There is for instance a show on TV that features a sleuth, Sister Boniface, a la Father Brown. And, of course, the successful Broadway hit Sister Act, starring Whoopi Goldberg.
Nunsense, with music and lyrics by Dan Goggin, opened in New York in 1985, bringing nonsense to a mugging, punning, knee-slapping height.
The musical comedy is once again being revived by Theatre Palisades in this decidedly different time, but with surprising appeal. The plot, thin as can be, is really just a vehicle for the five-nun ensemble, each of whom does a star turn in her specialty—singing, ballet, clowning and ventriloquism.
The Little Sisters of Hoboken are putting on a talent show fundraiser. The backstory is the least interesting part of the show. It’s the show within the show that makes Nunsense work.
In the first act, the audience gets to know each nun and her one personality trait.
Valerie Sullivan as the Mother Superior commands the stage and tries to hold her boisterous sisters together when they kick up their heels and get out of line. That is until she herself liberates her inner id.
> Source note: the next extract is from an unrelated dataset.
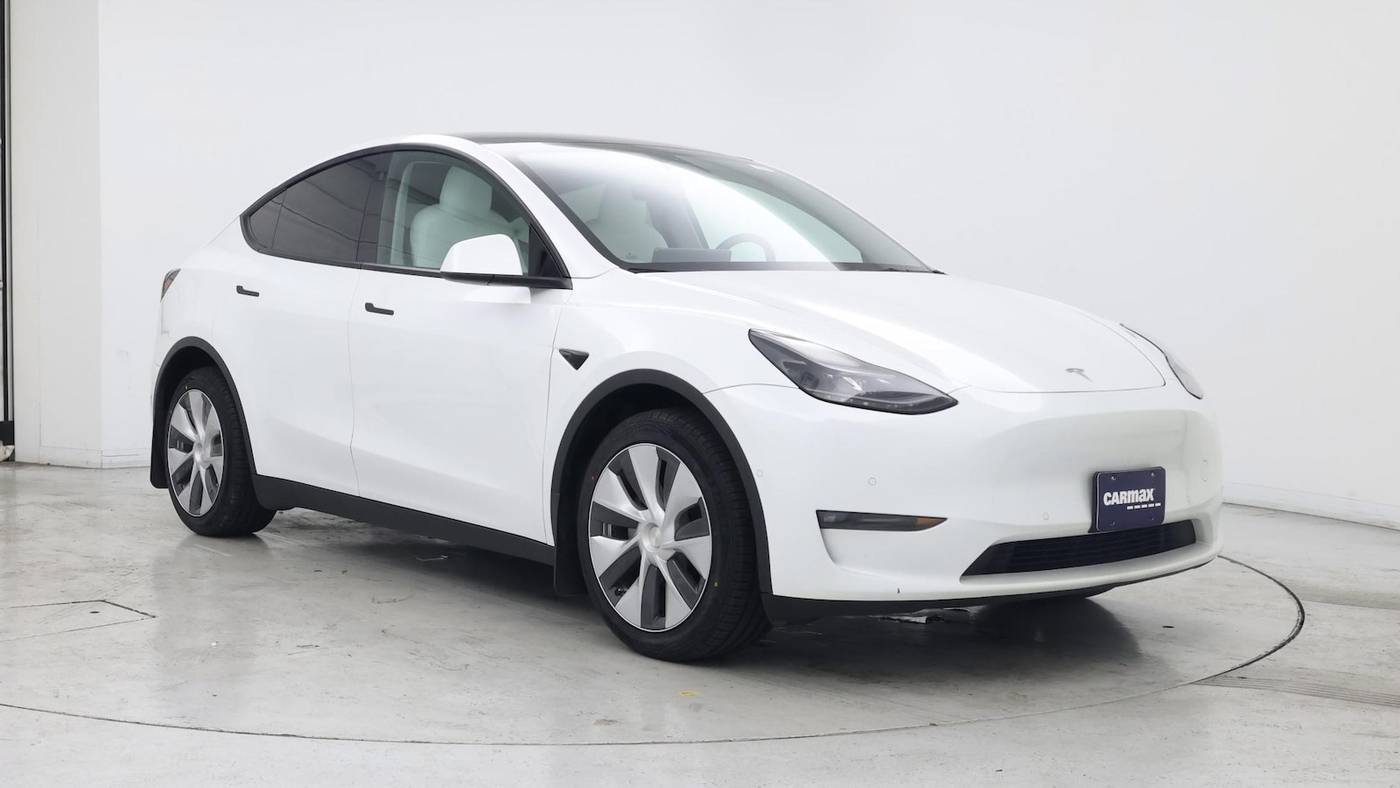 2022 Tesla Model Y Long Range — SUV — 43,852 mi — Edison, NJ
She discovers a mysterious vial called “Rush,” which she proceeds to imbibe, releasing the most hilarious performance of the giggling, let-it-all-hang-out acrobatic moves of a good time drunk.
A bit of a star in her past, she competes with Sister Robert Anne (Savannah Ludwig), who forever the understudy, insists that she deserves a leading role Playing Second Fiddle.) She gets her chance.
Sister Hubert (Jacquelyn Levy), who is in charge of schooling the novices, affects a deadpan, Whoopi Goldberg raised-eyebrow persona. Sister Leo (Lindsay Kazan) shines in her “The Dying Nun Ballet,” a hilarious nod to “Swan Lake.” Imagine this with wippel akimbo.
One thematic trope has to do with Sister Amnesia (Julie Hinton) who, yes, has forgotten her name. Until she recovers, however, she entertains the audience with her puppet resembling the Reverend Mother.
These talented actresses are the joy of this show. All are superbly trained artists who skillfully add so much to the ensemble.
The songs are accompanied by musical director Bill Wolfe on piano and Eva Friedman on drums.
Despite its featherweight plot, the show, directed by Alta Abbott, offers an evening of unburdened good fun.